Lending margins tighten in Q1

Greater competition for prime lending has led to a tightening of margins in the first quarter of 2017 with lending margins falling by 9bps.

CBRE’s latest UK Debt Prospects MarketView showed that the all property lending margin now stands at approximately 2.3%, down from 2.4% at the end of 2016 where margins held broadly flat.

A fall in margins reflects an increased appetite from lenders to provide finance, as concerns over the EU referendum continue to subside. However, the market remains polarised with lenders showing a greater inclination for prime assets whilst remaining more reluctant to finance development projects or secondary assets.

Most notably there has been a fall of around 15bps on margins on prime lending whilst margins for secondary lending have remained static.

Steve Williamson, head of debt and structured finance at CBRE, said: “Overall, margins have declined slightly in the first quarter, but this has been a highly selective phenomenon. Intensifying competition for lending on prime assets has driven margins here down by 15bps or so, but borrowers seeking debt against anything secondary or on development have seen little to no change in pricing.

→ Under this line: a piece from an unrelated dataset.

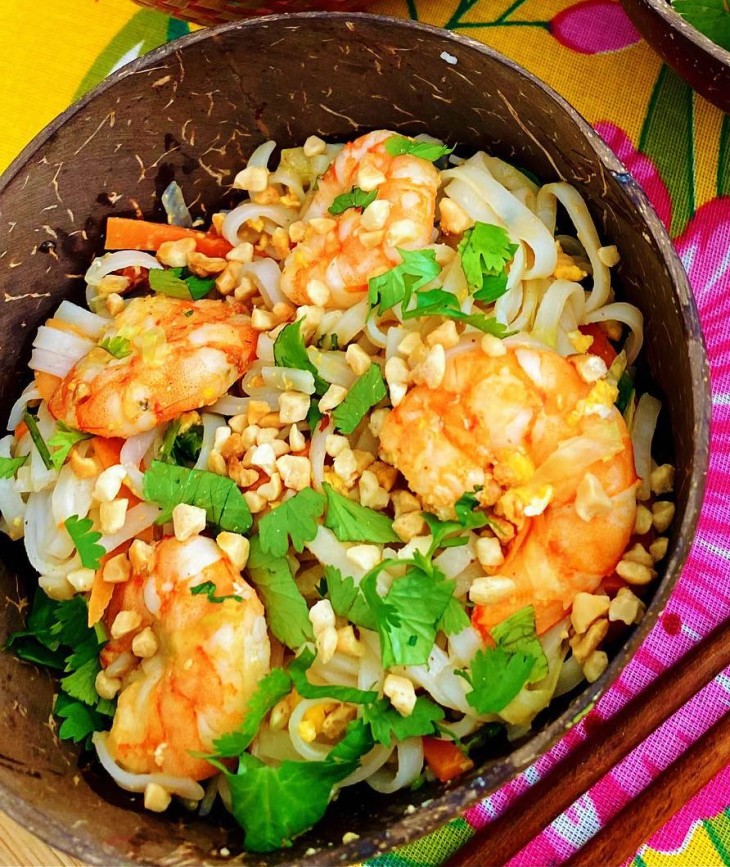 Pad thai com talharim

These areas of the market remain more challenging, as lenders see prime values as being more resilient in the event of any market decline”.

Q1 was the fifth successive quarter when the premium offered by CRE debt to Gilts exceeded 2.5% on a gross return basis - the premium of 2.9% at the end of Q1 is the highest since Q4 2014. Similarly, the premium relative to corporate bonds was greater than 1.5% for the fifth successive quarter, sitting at 1.7% in Q1.